These are chat archives for spring-cloud/spring-cloud

2nd
Jun 2016
Niklas Herder
@herder
Jun 02 2016 07:39
Hi, I'm having great problems getting Ribbon to handle a redeploy of a dependency service without freaking out and slowing down to a crawl. I'm running an Apache bench against a sidecar app, like this: ab -n 500000 -c4 localhost:5678/entity-api/12455, which works very nice when the entity-api service is up and running. But when I do a redeploy of the service, the new instances are up and healthy, and we take down the old instances, I get timeouts in the logs and the speed goes down from about 1000/s to 5-10/s.

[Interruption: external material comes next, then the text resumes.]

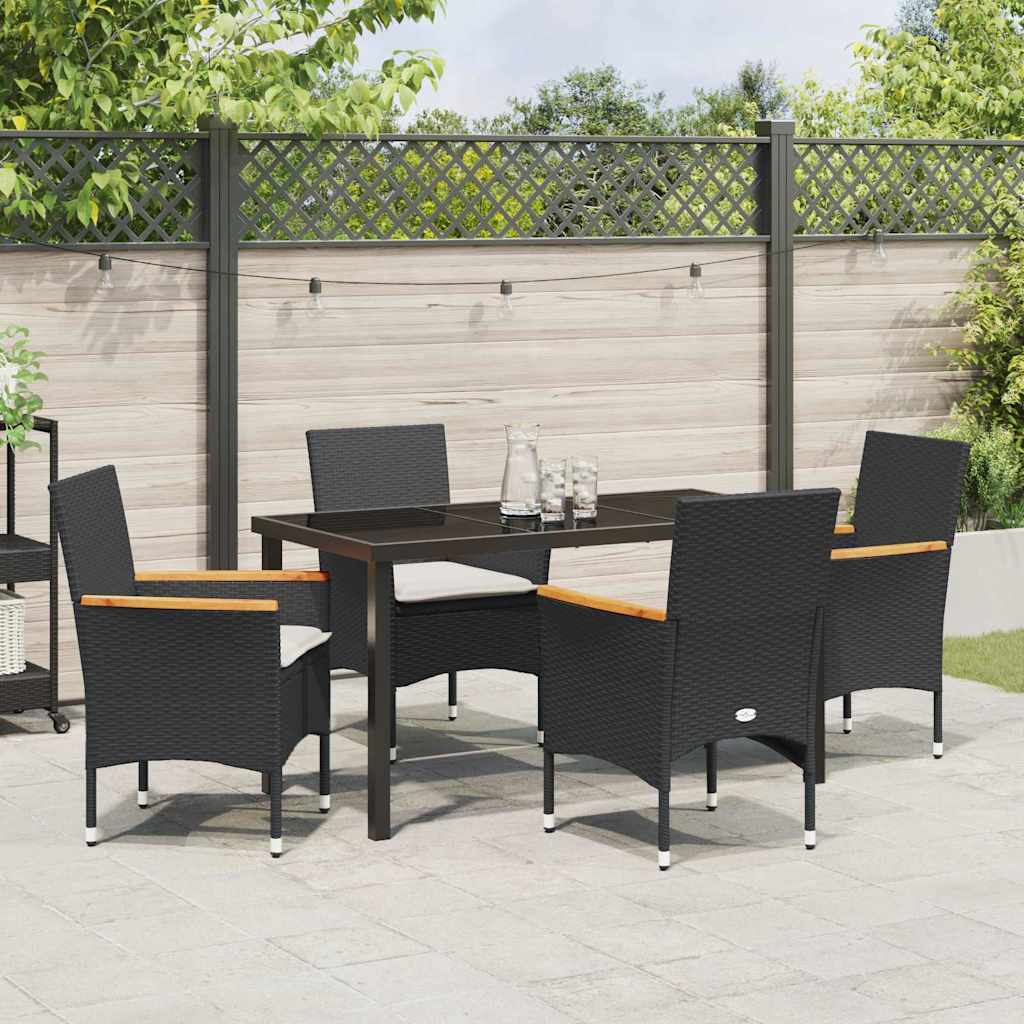 Tuin eettafelset met kussen 5 pcs Zwart poly rattan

I'm using a PingUrl and have tried overriding the default IRule, but it doesn't seem to do any difference whatever IRule implementation I choose.
Does anyone have any ideas on what I could do wrong? @spencergibb , maybe?

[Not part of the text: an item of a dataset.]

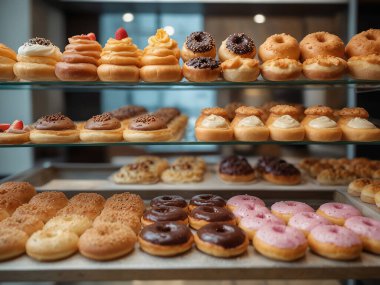 Pasta dükkanında sıra sıra poğaça ve hamur işleri.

This is my ribbon and zuul properties (current - I have tweaked these values a lot):
ribbon:
  ReadTimeout: 1000
  ConnectTimeout: 200
  MaxAutoRetries: 2
  OkToRetryOnAllOperations: true
  MaxAutoRetriesNextServer: 2
  ServerListRefreshInterval: 1000

zuul:
  host:
    connect-timeout-millis: 200
    socket-timeout-millis: 200
...and the entity-api service responds to the PingUrl call ok.
Dave Syer
@dsyer
Jun 02 2016 08:26
That's a really useful test.
Soaking the server with requests to a single endpoint might not be totally realistic. But it should tell us something, I guess.
Niklas Herder
@herder
Jun 02 2016 08:55
Yes, I think it's a good test just for these things, to see if it is resilient to these kinds of things (which is kind of the point of this whole Netflix thingie :) ). As far as I can see, it's really hard to actually make it behave as it should under load, which I find weird? Or maybe Neflix have such a large amount of instances that they don't notice this?
Dave Syer
@dsyer
Jun 02 2016 10:03
I'm going to look into it.
One problem will definitely be that hitting a single endpoint really hard is not a very good simulation of real load
Ribbon uses thread pools, for instance, and the size of the pool is configurable, but it's probably per client, not global.
Dave Syer
@dsyer
Jun 02 2016 10:11
The behaviour in these kinds of situations is probably highly dependent on the precise nature of the outage as well. But a smooth transition to a new version of a backend service should be easy to get right.
szisti
@szisti
Jun 02 2016 10:35
the one thing i've seen is that just because the new instance has started, it's not added to the pool
it can take 20-30 seconds for that to happen
Dave Syer
@dsyer
Jun 02 2016 10:35
It can take longer than that
szisti
@szisti
Jun 02 2016 10:35
very nicely visible on the spring-boot-admin, when the new service pops up and becomes "UP"
Dave Syer
@dsyer
Jun 02 2016 10:36
But @herder was saying he had both instances and it only broke when he closed one down
szisti
@szisti
Jun 02 2016 10:36
so shutting down the "old" when the "new" is up, might be the problem
szisti
@szisti
Jun 02 2016 10:44
is there an extension, or planned extension to the config server client library, which would allow me to retrieve "plain text" files from the config server using the same rest template and authentication details ?
Dave Syer
@dsyer
Jun 02 2016 10:46
Same as what?
There's nothing preventing you from accessing the endpoints anyway you want
szisti
@szisti
Jun 02 2016 11:01
yes, but the config client already has all the authentication settings and everything available and setup
ConfigServicePropertySourceLocator only the locate and the setresttemplate are public at the moment
the locate uses the secureresttemplate, which i cannot use from outside to retrieve a different file
like /name/profile/"master"/"filename"
Dave Syer
@dsyer
Jun 02 2016 11:05
You'll have to configure your own client then
Niklas Herder
@herder
Jun 02 2016 11:34
re my question above, I seem to have a working setup now. I got 0 to 1 errors out of 500000 on each run, and traffic didn't drop catastrophically.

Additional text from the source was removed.